Of particular interest to investors are large utility and infrastructure firms, many of which operate as regulated monopolies, and may be perceived as carrying implicit government-backing.
Significant deals this year include a $1 billion private placement by Scottish engineering giant Weir Group , and a $1.2 billion deal by French aerospace firm Safran — a newcomer to the U.S. market.
“We find long-term, stable fixed income attractive. Regulated monopolies such as utilities are very attractive for our investment needs,” said the executive, who said there are issues in the pipeline from high-grade firms in several of the ‘strong’ European countries, including the UK, France, Germany and the Netherlands.
For prospective issuers, the U.S. bond market scores over the European market on pricing, with European markets both more expensive and more volatile as a result of the ongoing sovereign debt crisis. Firms with U.S dollar revenue streams are more likely to consider the option, avoiding the cost of punitive U.S. dollar-to-euro swap rates.
A January report on the impact of the Euro Zone crisis on individual firms, published by credit rating agency Standard & Poor’ssaid: “We believe [European] issuers will have to be well prepared to capitalize on issuing windows when they arise.

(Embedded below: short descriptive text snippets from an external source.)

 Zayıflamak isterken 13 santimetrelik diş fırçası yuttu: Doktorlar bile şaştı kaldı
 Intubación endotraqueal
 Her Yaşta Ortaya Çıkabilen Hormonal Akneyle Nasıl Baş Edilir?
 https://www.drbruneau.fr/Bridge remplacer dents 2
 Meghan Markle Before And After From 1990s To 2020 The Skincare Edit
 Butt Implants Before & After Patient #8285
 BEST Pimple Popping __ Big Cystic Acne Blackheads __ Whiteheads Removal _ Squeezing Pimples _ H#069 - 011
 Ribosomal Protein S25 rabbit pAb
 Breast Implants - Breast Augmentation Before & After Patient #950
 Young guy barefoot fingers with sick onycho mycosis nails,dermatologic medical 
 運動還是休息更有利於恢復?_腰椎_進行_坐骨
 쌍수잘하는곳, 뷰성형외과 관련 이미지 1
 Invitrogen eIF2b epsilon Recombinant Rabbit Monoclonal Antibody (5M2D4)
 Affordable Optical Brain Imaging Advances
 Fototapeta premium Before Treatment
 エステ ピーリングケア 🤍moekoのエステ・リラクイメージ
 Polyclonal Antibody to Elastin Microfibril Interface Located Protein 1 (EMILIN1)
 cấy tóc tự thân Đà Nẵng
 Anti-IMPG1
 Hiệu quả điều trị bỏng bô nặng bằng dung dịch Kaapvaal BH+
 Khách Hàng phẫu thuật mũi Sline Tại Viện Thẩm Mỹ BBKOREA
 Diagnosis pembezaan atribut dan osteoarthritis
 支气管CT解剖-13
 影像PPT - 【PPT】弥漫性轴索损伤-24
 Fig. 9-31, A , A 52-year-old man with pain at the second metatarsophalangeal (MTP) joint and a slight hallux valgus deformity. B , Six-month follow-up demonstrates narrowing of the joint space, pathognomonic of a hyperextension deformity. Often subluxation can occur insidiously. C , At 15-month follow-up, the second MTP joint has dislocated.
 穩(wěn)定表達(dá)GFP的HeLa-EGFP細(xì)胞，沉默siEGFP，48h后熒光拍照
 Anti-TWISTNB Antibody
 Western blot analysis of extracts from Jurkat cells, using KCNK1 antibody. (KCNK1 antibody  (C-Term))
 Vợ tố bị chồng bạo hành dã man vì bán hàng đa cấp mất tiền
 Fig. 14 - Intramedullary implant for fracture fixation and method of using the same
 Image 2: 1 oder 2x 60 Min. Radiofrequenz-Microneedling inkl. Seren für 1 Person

Those with U.S. dollar revenue streams will likely capitalize on stronger market conditions to raise financing in the U.S.”
As of February 3, European firms had issued $8.5 billion of U.S.-denominated debt, compared with only 3.2 billion euros ($4.2 billion) of euro-denominated debt and 450 million of swiss franc-denominated debt ($492 million).
However, Taron Wade, associate director of corporate and government ratings at S&P, said the trend towards U.S. dollar issuance might not continue, with euro-denominated deals surging in the first week of February from 793 million euros to 3.2 billion euros.
In particular, successful completion of Greece’s second bailout, coupled with positive news from other European peripheral nationssuch as Italy, could spur investors’ risk appetite and increase volumes in the European bond markets.
Wade pointed to the rise in activity in Europe’s high-yield bond market — traditionally much smaller than its U.S. equivalent — in the first half of 2011, prior to the re-emergence of the sovereign crisis.
Wade added that deals aimed at U.S. investors could be part of the broader move away from funding via loans, with bank lending still suppressed as European banks struggle to implement Basel III and Solvency II reforms.
“European companies are at the moment diversifying away from bank lending in general. This development has extended into their drive to raise funds in the public markets in the U.S. But more broadly, this trend has led to the growth of a new market for senior secured bonds in Europe over the last two years,” she said.
However, funding options for speculative-grade firms may be more limited, with limited capacity in the European high yield space and 69 billion euros of junk-rated debt due to mature in 2012-13, according to S&P (defining Europe as the EU27 countries plus Iceland, Norway and Switzerland).
In a January report on Europe’s junk-rated companies, S&P said: “Weaker ‘B’-rated companies and even those in the ‘BB’ category that additionally face high country exposure, and have to complete refinancing ahead of 2012/2013, could face particular difficulties this year in our view.”
The ratings agency predicts defaults on debt payments will rise among European junk-rated companies this year to 6.1 percent, up from 4.8 percent at the end of 2011. However, should Europe suffer a serious rather than mild recessionthis year, defaults could reach 8.4 percent or higher, said S&P, attributing a 40 percent probably to this “downside scenario” occurring.